*EXERCISE DESCRIPTION*: Copying rule for the data below: pictures stay out, and only the lines from the one with "14K White Gold" down to the one with "Aşkın Her Hali", inclusive, are repeated exactly.

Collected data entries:
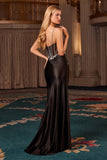 Beaded Corset Satin Gown by  Ladivine CC408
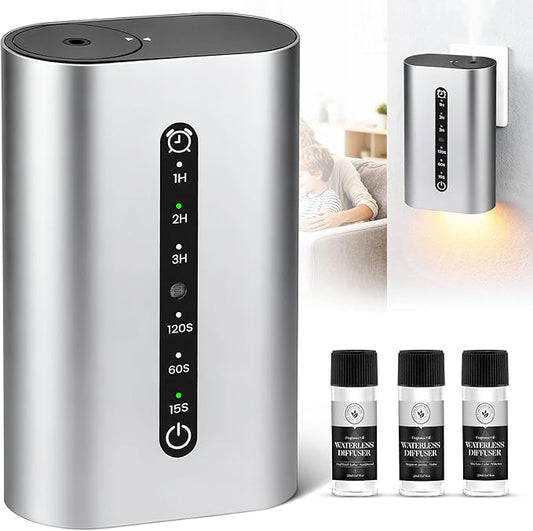 Smart Plug-in Scent Diffuser Set, Waterless Scent Diffusers Home, Cold Air Mist, Timer Control, and 3 Mist Intensity Settings, Suitable for Home, Office, and Small Spaces,White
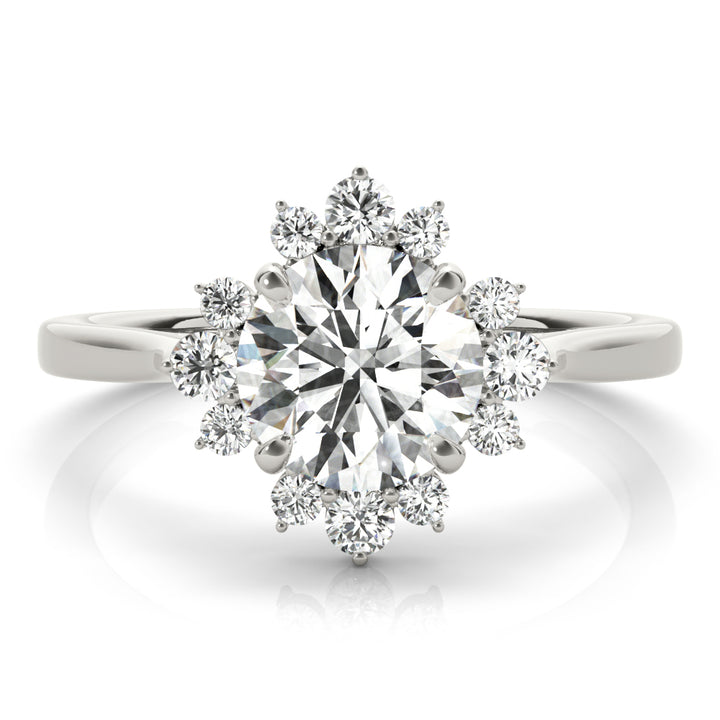 14K White Gold 1 CT Diamond Halo Engagement Ring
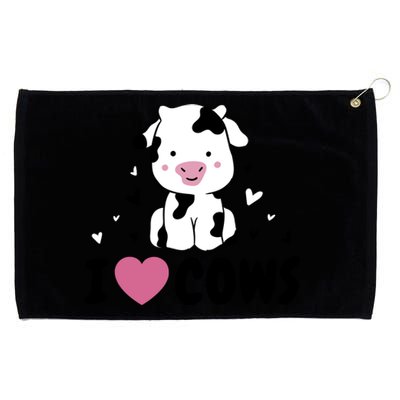 I Love Cows Heart Grommeted Golf Towel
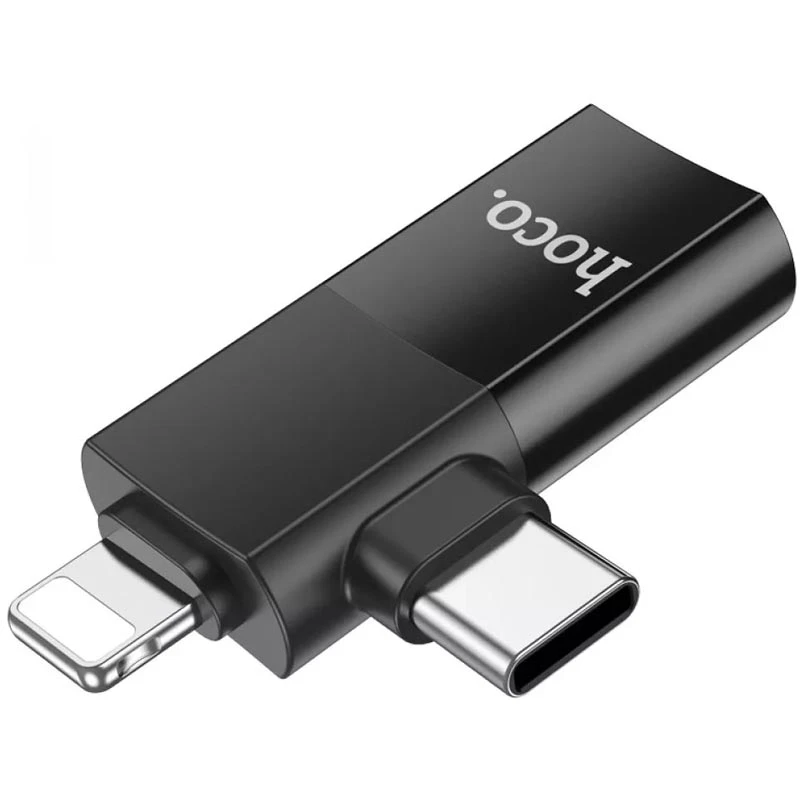 Перехідник Hoco UA17 2in1 Lightning Male/Type-C Male to USB female, Black 1, купити оптом з доставкою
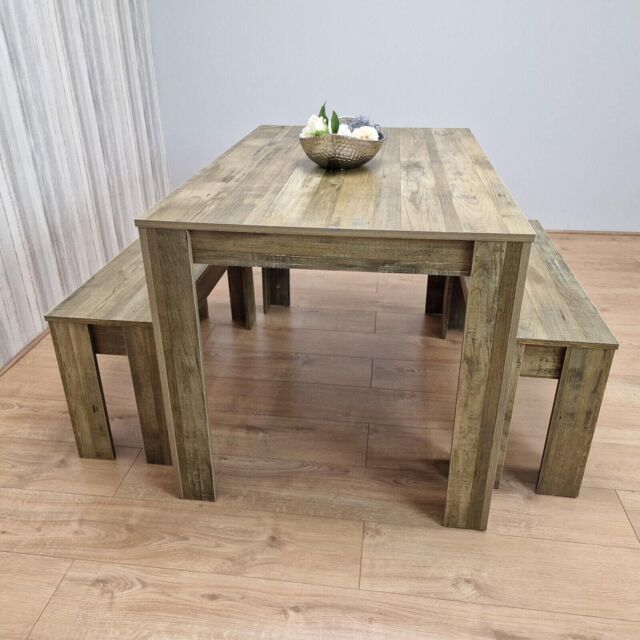 KOSY KOALA Wooden Dining Table & 2 Benches kitchen table Set space saver - image 1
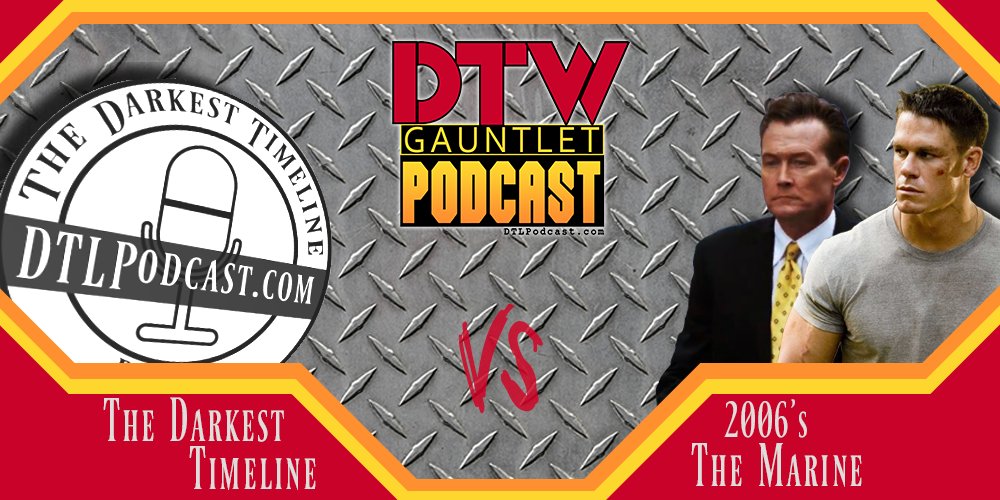 DTLPodcast's tweet photo. Now on https://t.co/m05rWyHIgY (and finally back on social after some madness)
Welcome to the Darkest Timeline Wrestling Gauntlet Podcast! Only movies starring wrestlers! This week was 2006's "The Marine" starring @JohnCena and @robertpatrickT2! #DTLPodcast https://t.co/Id9dD2IoMD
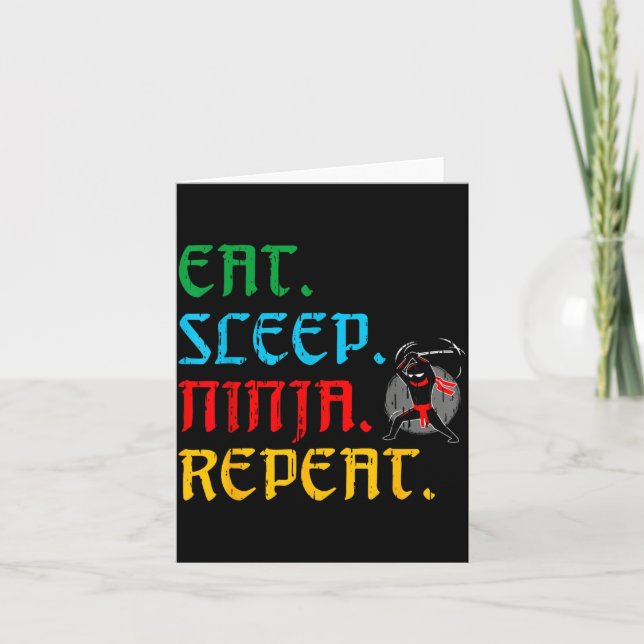 Carte Manger Dormir Ninja Répéter Drôle Arts Martiaux Fa (Devant)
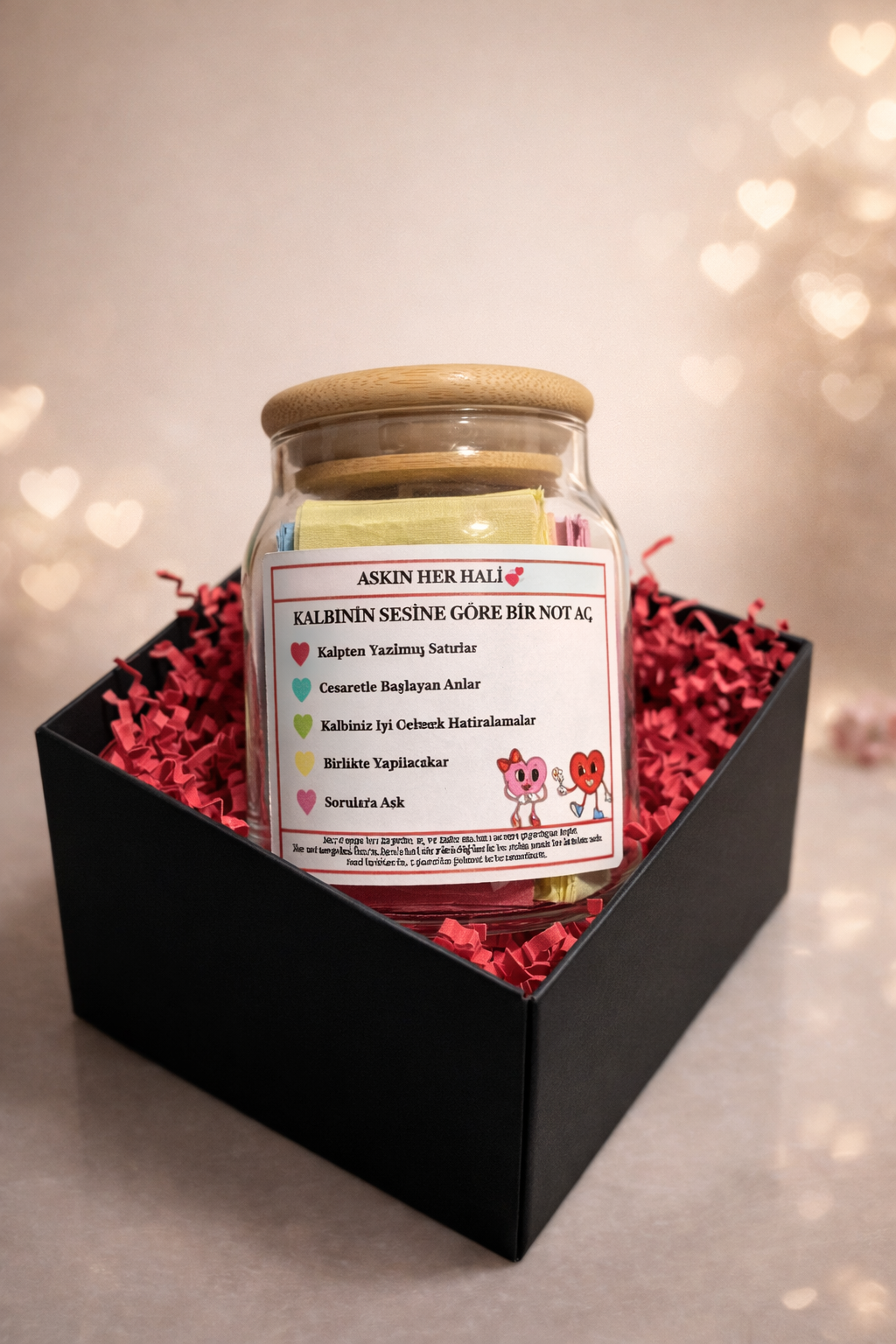 Aşkın Her Hali Kavanozu Sevgililer Günü İçin Özel Tasarım Romantik Notlar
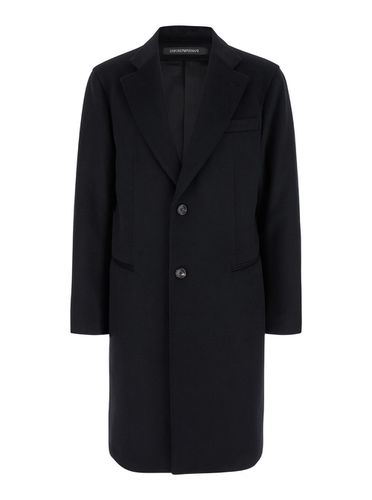 Single-breasted Coat With Notched Revers In Wool Man - Emporio Armani - Modalova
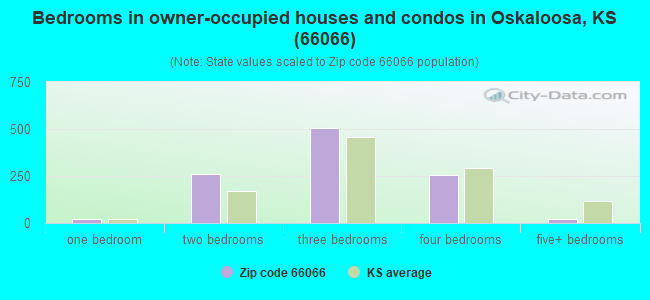 Bedrooms in owner-occupied houses and condos in Oskaloosa, KS (66066) 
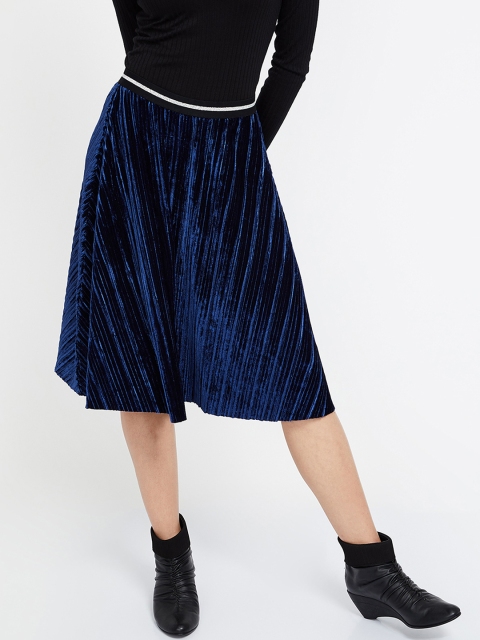 Ginger by Lifestyle Women Blue Solid A-Line Skirt, Navy blue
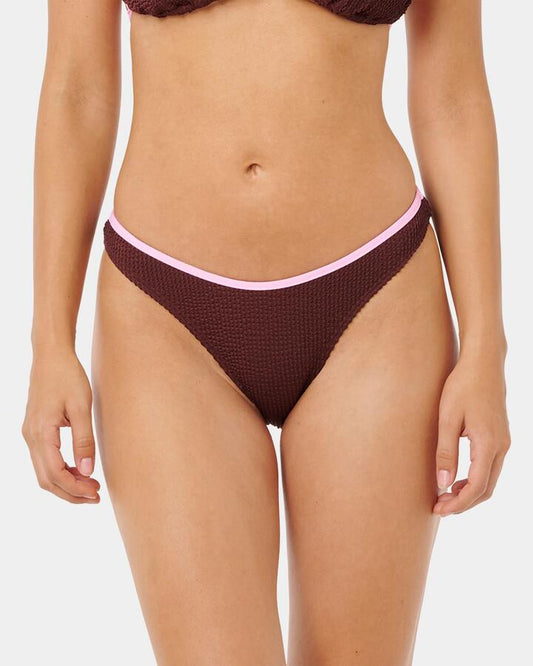 Image of Swimwear. Productname: rip Curl - Womens Luxe Surf High Cheeky Bikini Bottom - Chocolate - in Chocolate colour by brand - rip Curl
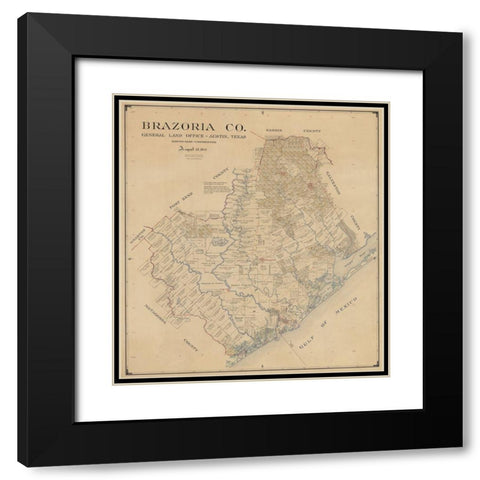 Brazoria County Texas - 1947 Black Modern Wood Framed Art Print with Double Matting by Unknown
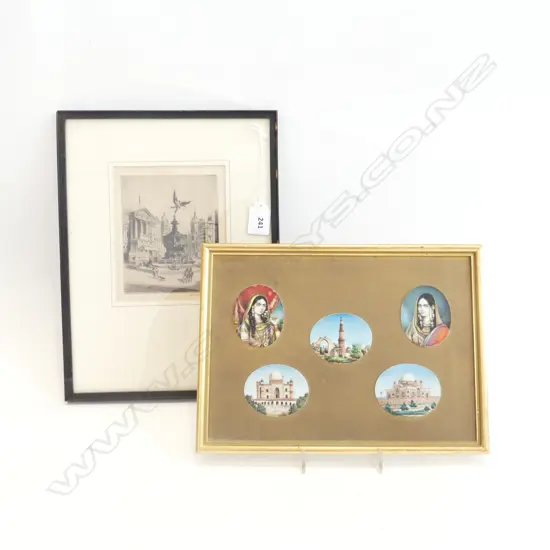 A J MEYER FRAMED ENGRAVING AND 5 MOUNTED OVAL MINITURES 320 X 240 MM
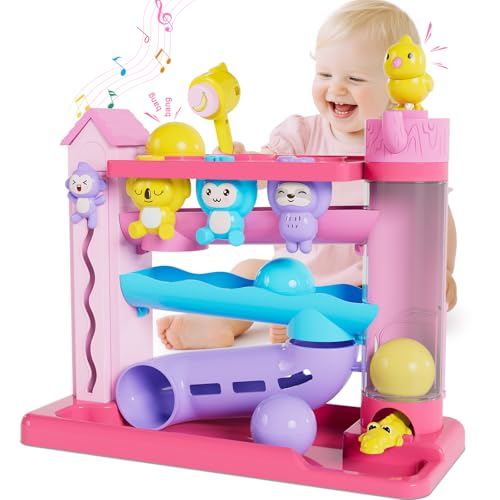 Image of VOILBTOY Musical Toy for 1-2 Year Old Girls,Educational Baby Toys 12-18 Months,Ball Drop Toy with English & Spanish,Fine Motor Toys for Toddlers 1-3,Birthday Gift for 1+ Year Old Girl (Pink)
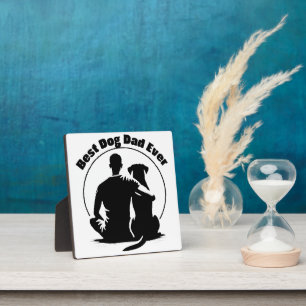 Best Dog Dad Ever Shirt Man and Dog Silhouette Pet Plaque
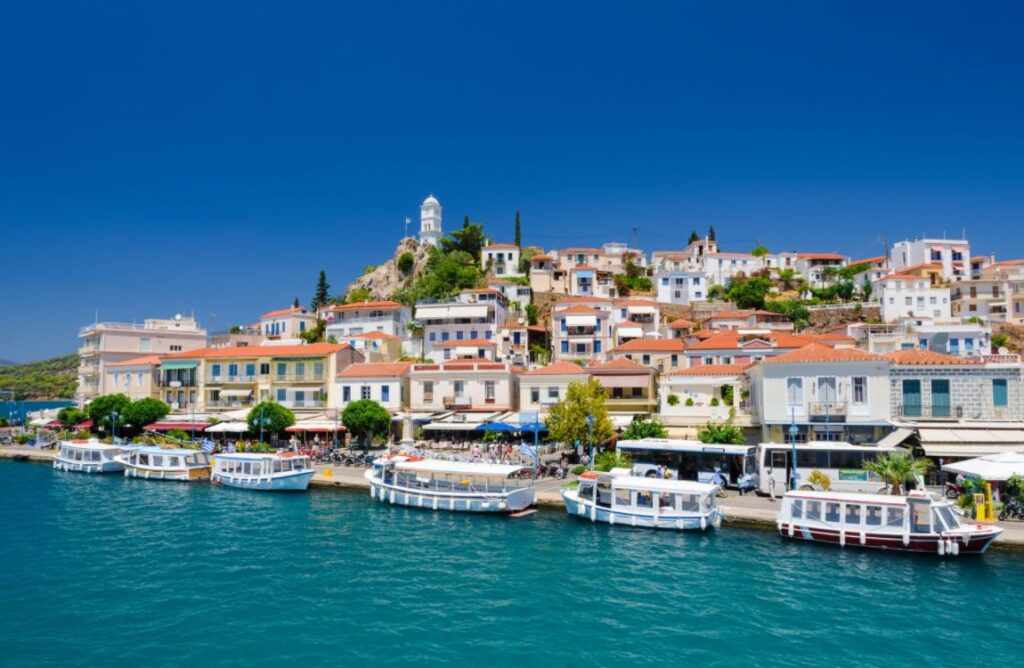 Poros town seafront and some boats in Poros Island Greece.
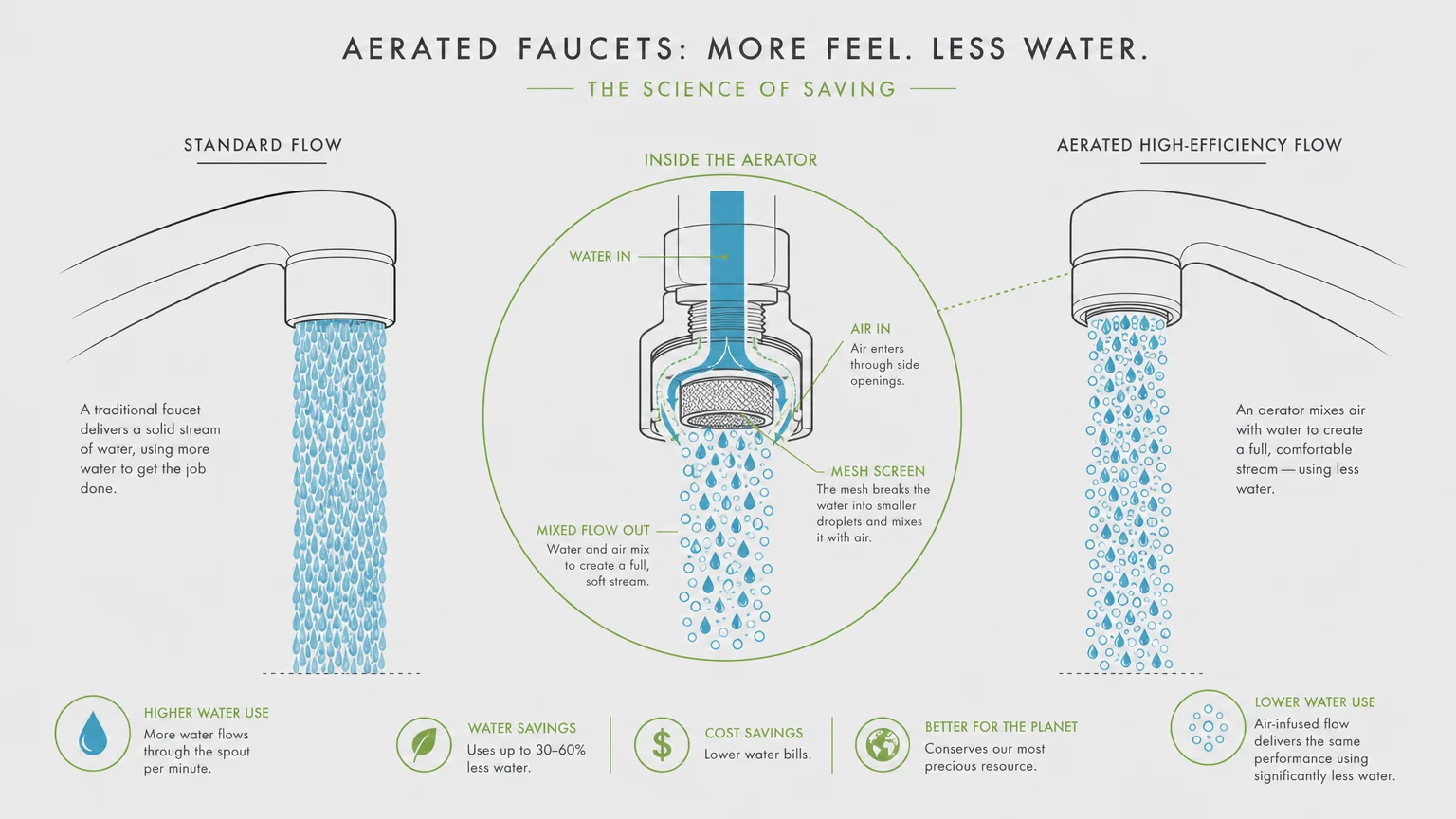 A technical diagram comparing a standard faucet water stream to an aerated water-efficient stream.
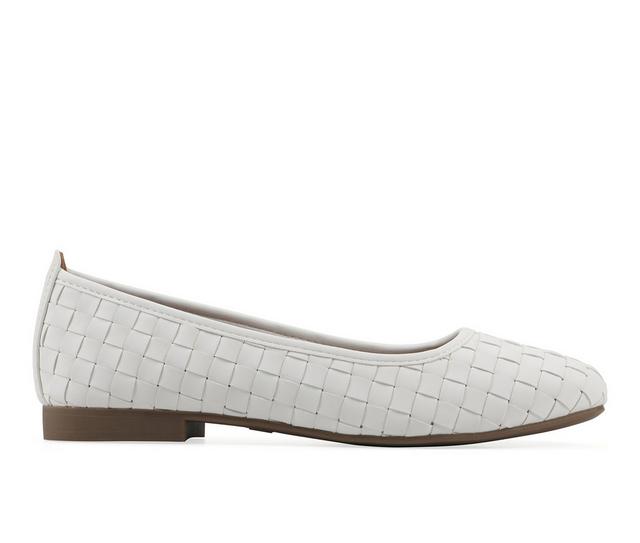 Women's White Mountain Boccie Flats in White color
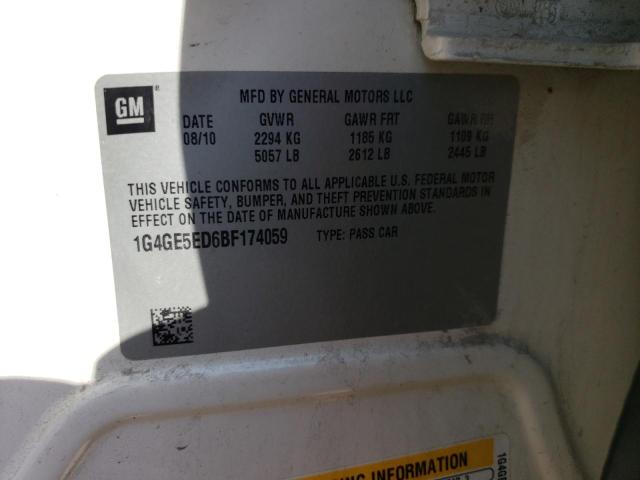 1G4GE5ED6BF174059 - 2011 BUICK LACROSSE CXS 白色 照片 13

*FINAL ANSWER*:
 14K White Gold 1 CT Diamond Halo Engagement Ring
 I Love Cows Heart Grommeted Golf Towel
 Перехідник Hoco UA17 2in1 Lightning Male/Type-C Male to USB female, Black 1, купити оптом з доставкою
 KOSY KOALA Wooden Dining Table & 2 Benches kitchen table Set space saver - image 1
 DTLPodcast's tweet photo. Now on https://t.co/m05rWyHIgY (and finally back on social after some madness)
Welcome to the Darkest Timeline Wrestling Gauntlet Podcast! Only movies starring wrestlers! This week was 2006's "The Marine" starring @JohnCena and @robertpatrickT2! #DTLPodcast https://t.co/Id9dD2IoMD
 Carte Manger Dormir Ninja Répéter Drôle Arts Martiaux Fa (Devant)
 Aşkın Her Hali Kavanozu Sevgililer Günü İçin Özel Tasarım Romantik Notlar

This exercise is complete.